Today I'm sharing the printables for the halloween and Christmas crafts from my visit to Fellowes in Doncaster last week. But before we get to those, don't you think pom poms raise your spirits in much the same way that bunting does? I mean, anything adorned with pom poms (or bunting) has to be good doesn't it?
Exactly, so imagine how pleasing it was to be presented with this sight on arrival. And even better, soon after there was a great cup of tea and some pretty fantastic cakes. And of course the crafting and good company.
If you don't know much about Fellowes, they're celebrating a 100 years this year and the Banker's Boxes originated with them. They often provide the original kind for film sets and such like. But they also have a huge range of office equipment, and our tool of choice for the day was the laminator.
And what a clever thing it is. Addictive too, I found myself looking around the room for more things to laminate, and I've some ideas to try over the coming weeks, but first onto those printables.
You can download the printables to make your own Halloween Bunting from the Fellowes Ideas Centre.
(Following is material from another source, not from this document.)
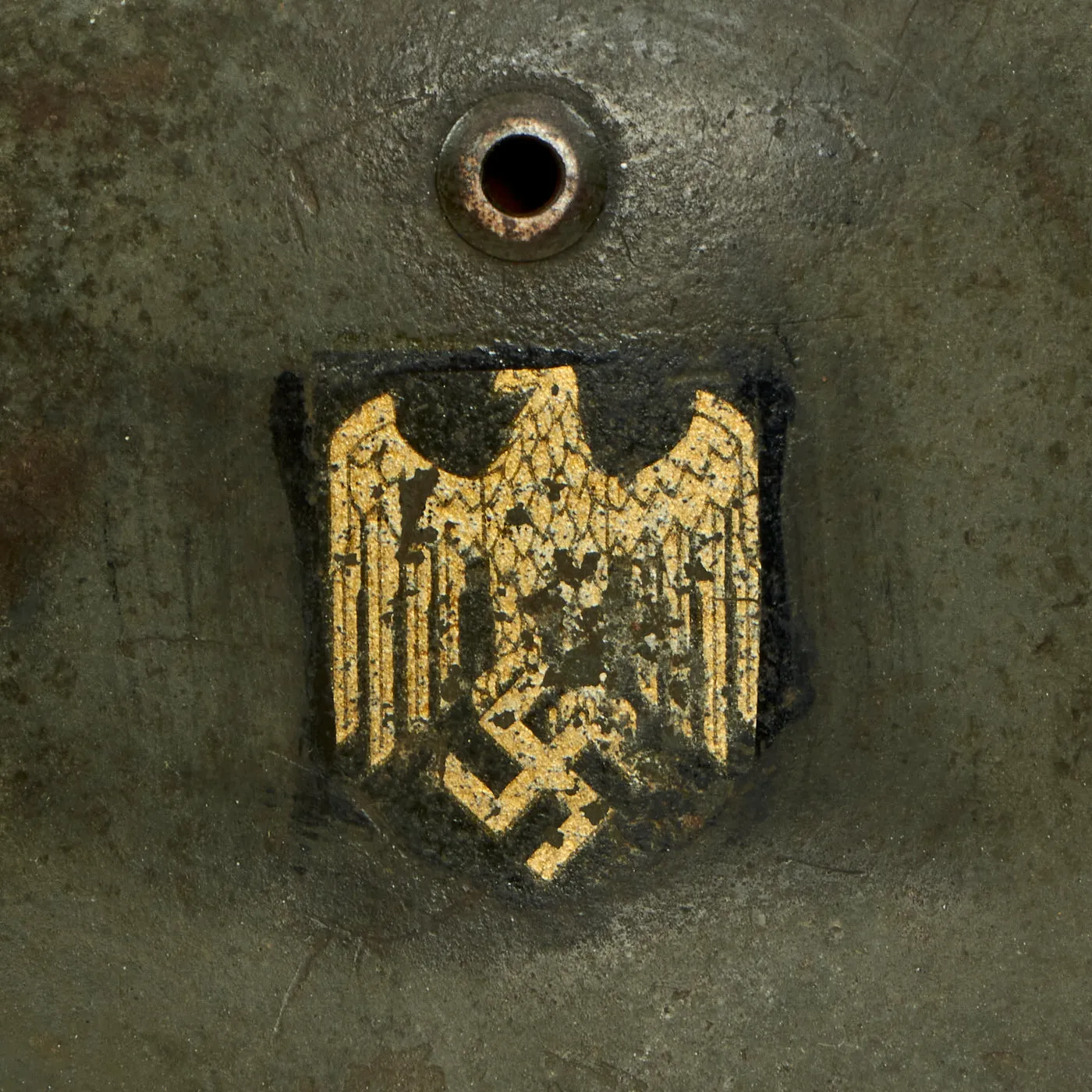 Original German WWII Named Army Heer M35 Single Decal Steel Helmet with 58cm Liner & Chinstrap - SE66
First up was the Halloween bunting, with hardly very scary ghosts, black cats, pumpkins, a magic tree (not the magic money tree sort sadly), bats and a witches hat to choose from. The ghosts threaded onto twine against a black wall looked super effective, and you can choose which motifs you opt for.
The big debate, is of course whether to cut out first and then laminate, or to laminate and cut out after. If you want to use your bunting outside then cut out first as the laminator will seal the edges and keep them watertight for longer. If you're limited on the number of pouches you have then cut out first to make effective use of your pouch space, or laminate the whole sheet and cut out afterwards. As a novice laminator that's the approach I took, but either way works.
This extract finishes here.